On Tue, Nov 19, 2019 at 07:32:26AM +0800, Qu Wenruo wrote:
> 
> 
> On 2019/11/19 上午4:18, David Sterba wrote:
> > On Thu, Nov 07, 2019 at 02:27:07PM +0800, Qu Wenruo wrote:
> >> This patchset will make btrfs degraded mount more intelligent and
> >> provide more consistent profile keeping function.
> >>
> >> One of the most problematic aspect of degraded mount is, btrfs may
> >> create unwanted profiles.
> >>
> >>  # mkfs.btrfs -f /dev/test/scratch[12] -m raid1 -d raid1
> >>  # wipefs -fa /dev/test/scratch2
> >>  # mount -o degraded /dev/test/scratch1 /mnt/btrfs
> >>  # fallocate -l 1G /mnt/btrfs/foobar
> >>  # btrfs ins dump-tree -t chunk /dev/test/scratch1
> >>         item 7 key (FIRST_CHUNK_TREE CHUNK_ITEM 1674575872) itemoff 15511 itemsize 80
> >>                 length 536870912 owner 2 stripe_len 65536 type DATA
> >>  New data chunk will fallback to SINGLE or DUP.
> >>
> >>
> >> The cause is pretty simple, when mounted degraded, missing devices can't
> >> be used for chunk allocation.
> >> Thus btrfs has to fall back to SINGLE profile.
> >>
> >> This patchset will make btrfs to consider missing devices as last resort if
> >> current rw devices can't fulfil the profile request.
> >>
> >> This should provide a good balance between considering all missing
> >> device as RW and completely ruling out missing devices (current mainline
> >> behavior).
> > 
> > Thanks.
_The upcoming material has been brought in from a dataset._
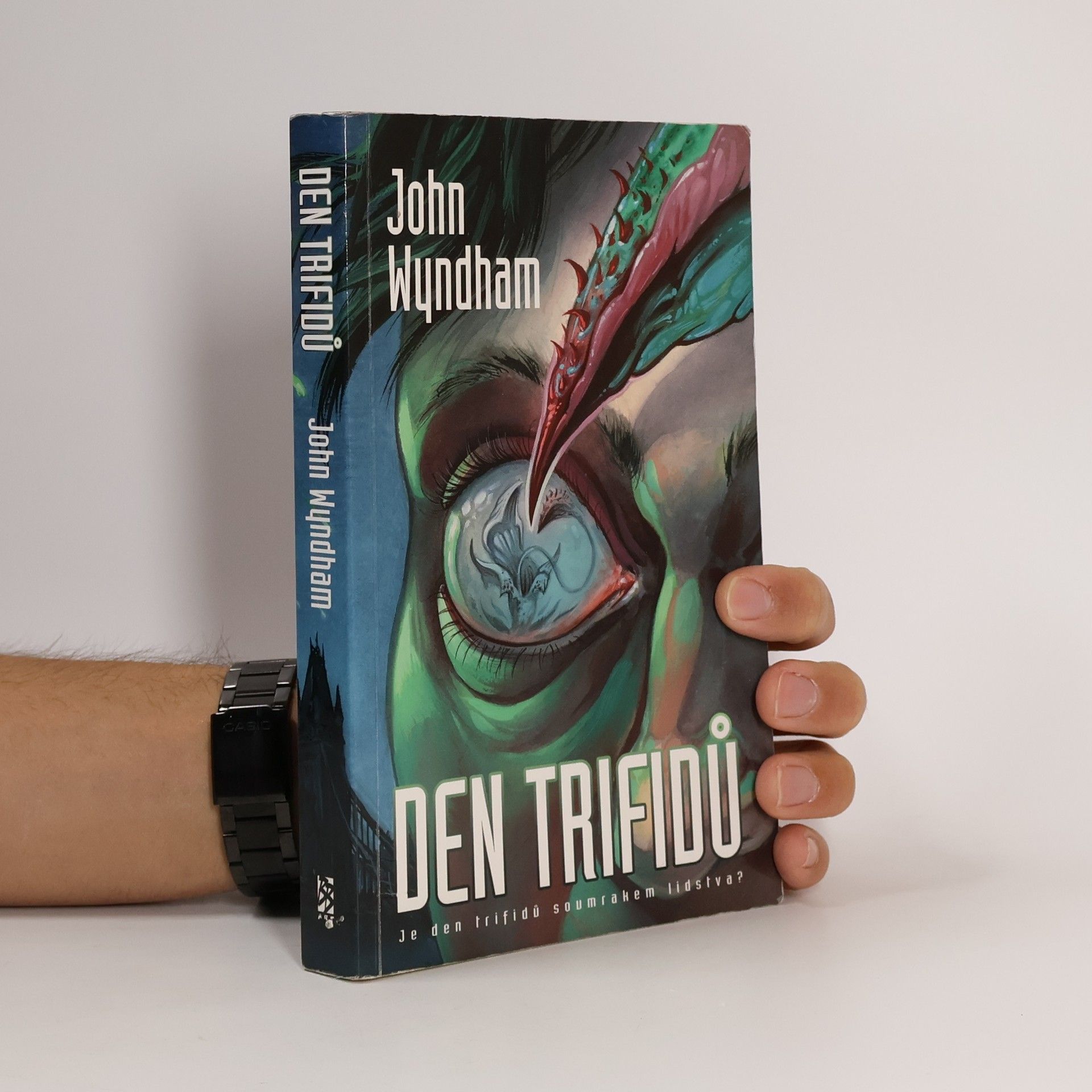 John Wyndham Den trifidů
This is going to change the behaviour with a missing device, so
> > the question is if we should make this configurable first and then
> > switch the default.
> 
> Configurable then switch makes sense for most cases, but for this
> degraded chunk case, IIRC the new behavior is superior in all cases.
> 
> For 2 devices RAID1 with one missing device (the main concern), old
> behavior will create SINGLE/DUP chunk, which has no tolerance for extra
> missing devices.
> 
> The new behavior will create degraded RAID1, which still lacks tolerance
> for extra missing devices.
> 
> The difference is, for degraded chunk, if we have the device back, and
> do proper scrub, then we're completely back to proper RAID1.
> No need to do extra balance/convert, only scrub is needed.

I think you meant to say "replace" instead of "scrub" above.

> So the new behavior is kinda of a super set of old behavior, using the
> new behavior by default should not cause extra concern.

It sounds OK to me, provided that the missing device is going away
permanently, and a new device replaces it.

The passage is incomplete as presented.